'Catherine The Great' Trailer Shows Helen Mirren With Absolute Power

'Catherine The Great' Trailer Shows Helen Mirren With Absolute Power

HBO's upcoming limited series Catherine The Great promises a Helen Mirren tour-de-force as the titular monarch.

It is the Year for Russian History on HBO. Following this spring's miniseries Chernobyl, the hit dramatization of the 1986 nuclear catastrophe in the USSR, HBO is bringing forth Catherine The Great. Starring Helen Mirren as the 18th-century Russian monarch, the four-part series is expected to arrive this fall.

The real Catherine the Great was born Princess Sophie Friederike Auguste von Anhalt-Zerbst-Dornburg in 1729. The daughter of Christian August, Prince of Anhalt-Zerbst, she was part of the ruling German family of Anhalt in Prussia. She was married off to the prospective tsar Peter of Holstein-Gottorp, who eventually became Peter III, as part of a deal to strengthen Russia and Prussia against Austrian power. She went on to become Russia's longest-ruling female leader, crowned Empress of Russia in 1762, and ruling until her death in 1796.

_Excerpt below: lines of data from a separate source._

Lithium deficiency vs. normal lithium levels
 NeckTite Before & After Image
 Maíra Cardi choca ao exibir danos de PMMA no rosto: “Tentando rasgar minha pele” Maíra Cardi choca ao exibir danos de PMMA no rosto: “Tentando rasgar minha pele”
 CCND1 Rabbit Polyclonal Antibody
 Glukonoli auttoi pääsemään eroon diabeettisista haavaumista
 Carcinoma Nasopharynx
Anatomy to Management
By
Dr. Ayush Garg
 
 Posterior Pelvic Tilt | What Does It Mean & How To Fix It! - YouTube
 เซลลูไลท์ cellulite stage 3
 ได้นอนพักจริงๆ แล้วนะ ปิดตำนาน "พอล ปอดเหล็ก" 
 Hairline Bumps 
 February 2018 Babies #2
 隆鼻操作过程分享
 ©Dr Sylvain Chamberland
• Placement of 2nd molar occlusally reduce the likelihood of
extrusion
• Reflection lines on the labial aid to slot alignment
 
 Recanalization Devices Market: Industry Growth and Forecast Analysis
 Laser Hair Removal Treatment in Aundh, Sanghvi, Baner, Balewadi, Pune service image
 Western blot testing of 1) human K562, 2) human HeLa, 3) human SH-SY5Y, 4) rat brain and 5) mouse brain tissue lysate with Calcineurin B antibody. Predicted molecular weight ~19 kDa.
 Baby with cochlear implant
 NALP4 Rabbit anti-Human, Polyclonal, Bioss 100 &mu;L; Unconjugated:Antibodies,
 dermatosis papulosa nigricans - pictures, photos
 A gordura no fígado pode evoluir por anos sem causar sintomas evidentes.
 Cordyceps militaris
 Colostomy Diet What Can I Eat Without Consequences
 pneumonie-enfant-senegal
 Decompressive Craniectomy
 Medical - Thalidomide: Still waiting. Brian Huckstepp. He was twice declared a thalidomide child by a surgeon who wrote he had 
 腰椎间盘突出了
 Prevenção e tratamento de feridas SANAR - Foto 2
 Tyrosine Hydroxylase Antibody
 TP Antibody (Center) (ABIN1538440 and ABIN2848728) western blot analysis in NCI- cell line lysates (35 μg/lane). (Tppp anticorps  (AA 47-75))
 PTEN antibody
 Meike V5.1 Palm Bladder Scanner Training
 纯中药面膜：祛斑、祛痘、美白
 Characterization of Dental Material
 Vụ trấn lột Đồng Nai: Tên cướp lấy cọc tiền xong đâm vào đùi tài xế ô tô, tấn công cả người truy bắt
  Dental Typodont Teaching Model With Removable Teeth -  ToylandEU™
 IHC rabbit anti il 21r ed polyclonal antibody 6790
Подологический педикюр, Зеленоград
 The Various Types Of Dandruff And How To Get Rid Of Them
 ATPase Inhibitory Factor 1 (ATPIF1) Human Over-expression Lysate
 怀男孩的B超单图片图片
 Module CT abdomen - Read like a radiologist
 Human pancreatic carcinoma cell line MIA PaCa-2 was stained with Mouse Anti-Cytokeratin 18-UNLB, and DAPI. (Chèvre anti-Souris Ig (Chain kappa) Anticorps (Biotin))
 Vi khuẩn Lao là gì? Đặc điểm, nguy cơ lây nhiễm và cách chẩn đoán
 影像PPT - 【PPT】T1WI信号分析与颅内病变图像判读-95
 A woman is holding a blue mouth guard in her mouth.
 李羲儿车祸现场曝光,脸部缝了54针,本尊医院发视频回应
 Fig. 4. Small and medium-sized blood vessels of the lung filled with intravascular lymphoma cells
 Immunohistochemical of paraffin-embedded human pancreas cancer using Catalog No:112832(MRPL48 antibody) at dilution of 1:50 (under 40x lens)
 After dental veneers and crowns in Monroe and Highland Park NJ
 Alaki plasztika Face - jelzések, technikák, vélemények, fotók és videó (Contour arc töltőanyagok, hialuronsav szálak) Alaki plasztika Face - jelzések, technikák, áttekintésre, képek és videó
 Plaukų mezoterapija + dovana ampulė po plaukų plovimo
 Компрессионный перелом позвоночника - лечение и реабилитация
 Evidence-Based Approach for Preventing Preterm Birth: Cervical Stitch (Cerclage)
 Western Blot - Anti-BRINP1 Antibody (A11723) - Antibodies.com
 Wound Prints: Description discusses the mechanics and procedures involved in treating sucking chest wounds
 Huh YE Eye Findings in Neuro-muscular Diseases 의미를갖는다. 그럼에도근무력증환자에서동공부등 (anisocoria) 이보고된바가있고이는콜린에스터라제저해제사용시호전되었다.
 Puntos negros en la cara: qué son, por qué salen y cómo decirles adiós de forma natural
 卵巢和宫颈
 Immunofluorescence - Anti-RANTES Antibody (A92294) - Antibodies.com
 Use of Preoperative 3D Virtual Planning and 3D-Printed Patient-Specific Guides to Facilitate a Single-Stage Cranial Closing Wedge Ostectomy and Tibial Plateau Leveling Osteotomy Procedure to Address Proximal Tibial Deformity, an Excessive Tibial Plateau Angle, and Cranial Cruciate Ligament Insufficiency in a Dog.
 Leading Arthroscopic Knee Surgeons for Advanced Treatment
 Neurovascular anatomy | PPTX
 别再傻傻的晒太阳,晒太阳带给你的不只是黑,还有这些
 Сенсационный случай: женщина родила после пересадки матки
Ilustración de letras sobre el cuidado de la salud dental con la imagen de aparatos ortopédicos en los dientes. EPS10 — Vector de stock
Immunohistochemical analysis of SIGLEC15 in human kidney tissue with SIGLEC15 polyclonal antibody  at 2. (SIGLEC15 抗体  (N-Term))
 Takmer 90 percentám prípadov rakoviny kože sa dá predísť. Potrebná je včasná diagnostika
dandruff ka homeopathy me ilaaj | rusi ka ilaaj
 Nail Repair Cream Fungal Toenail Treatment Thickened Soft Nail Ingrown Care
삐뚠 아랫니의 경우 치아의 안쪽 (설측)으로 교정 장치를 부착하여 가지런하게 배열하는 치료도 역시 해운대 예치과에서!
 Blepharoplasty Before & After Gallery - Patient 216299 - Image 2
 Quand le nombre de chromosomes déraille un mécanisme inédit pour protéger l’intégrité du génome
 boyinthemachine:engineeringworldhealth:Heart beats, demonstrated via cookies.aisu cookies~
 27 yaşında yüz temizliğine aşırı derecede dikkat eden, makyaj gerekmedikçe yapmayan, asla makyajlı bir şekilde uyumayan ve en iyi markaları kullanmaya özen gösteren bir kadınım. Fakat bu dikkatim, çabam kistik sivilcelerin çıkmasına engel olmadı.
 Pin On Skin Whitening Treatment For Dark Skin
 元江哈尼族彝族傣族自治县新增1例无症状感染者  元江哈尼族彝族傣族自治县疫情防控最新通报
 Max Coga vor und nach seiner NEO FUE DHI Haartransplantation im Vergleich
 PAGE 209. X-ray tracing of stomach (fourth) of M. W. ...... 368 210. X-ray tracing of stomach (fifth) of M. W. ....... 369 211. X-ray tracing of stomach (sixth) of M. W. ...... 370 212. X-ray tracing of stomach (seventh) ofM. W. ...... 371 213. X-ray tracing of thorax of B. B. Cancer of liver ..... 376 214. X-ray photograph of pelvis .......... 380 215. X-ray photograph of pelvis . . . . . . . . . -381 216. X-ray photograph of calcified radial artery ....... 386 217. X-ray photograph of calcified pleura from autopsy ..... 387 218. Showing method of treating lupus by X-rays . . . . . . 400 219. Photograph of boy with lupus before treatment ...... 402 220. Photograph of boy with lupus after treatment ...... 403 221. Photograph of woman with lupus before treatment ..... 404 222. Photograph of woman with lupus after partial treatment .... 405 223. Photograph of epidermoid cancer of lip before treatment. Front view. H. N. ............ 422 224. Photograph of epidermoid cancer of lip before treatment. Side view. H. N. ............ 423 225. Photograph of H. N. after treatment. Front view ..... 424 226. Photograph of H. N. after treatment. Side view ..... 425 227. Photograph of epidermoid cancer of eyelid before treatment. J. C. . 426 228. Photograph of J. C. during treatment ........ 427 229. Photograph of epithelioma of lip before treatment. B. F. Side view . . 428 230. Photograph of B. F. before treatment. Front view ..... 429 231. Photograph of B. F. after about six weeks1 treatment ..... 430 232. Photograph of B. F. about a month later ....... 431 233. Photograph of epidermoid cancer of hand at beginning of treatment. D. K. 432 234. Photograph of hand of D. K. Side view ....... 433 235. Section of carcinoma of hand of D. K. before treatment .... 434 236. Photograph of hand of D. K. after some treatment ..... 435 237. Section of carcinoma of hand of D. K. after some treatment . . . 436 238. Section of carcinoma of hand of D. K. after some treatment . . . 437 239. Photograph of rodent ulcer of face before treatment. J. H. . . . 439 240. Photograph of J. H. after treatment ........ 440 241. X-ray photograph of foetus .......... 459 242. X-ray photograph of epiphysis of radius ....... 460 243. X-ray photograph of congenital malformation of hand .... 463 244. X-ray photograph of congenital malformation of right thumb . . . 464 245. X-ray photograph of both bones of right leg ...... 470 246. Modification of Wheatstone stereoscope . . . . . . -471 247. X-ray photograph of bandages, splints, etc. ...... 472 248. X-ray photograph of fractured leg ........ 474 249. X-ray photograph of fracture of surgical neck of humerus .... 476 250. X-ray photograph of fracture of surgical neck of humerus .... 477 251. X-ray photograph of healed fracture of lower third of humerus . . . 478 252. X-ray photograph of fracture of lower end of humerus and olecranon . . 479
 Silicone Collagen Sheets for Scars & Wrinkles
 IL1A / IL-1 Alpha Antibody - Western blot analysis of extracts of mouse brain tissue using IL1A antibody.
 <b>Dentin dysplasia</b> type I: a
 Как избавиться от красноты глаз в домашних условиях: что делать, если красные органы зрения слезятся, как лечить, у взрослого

But Catherine did not become monarch just out of a series of unfortunate accidents. She was not like Victoria or Elizabeth, both of whom, through no fault of their own, found themselves moved into the line of succession due to death in childbirth and abdication. Princess Sophie straight up organized a coup d'état against her husband, Peter III. She had always detested him anyway, and it made her the sole leader of the country. Her leadership was not a lazy one. Catherine the Great was not content to sit in her palaces playing favorites, though she famously did plenty of that as well. Instead, she single-handledly went out and reformed the country into the one we know it as today.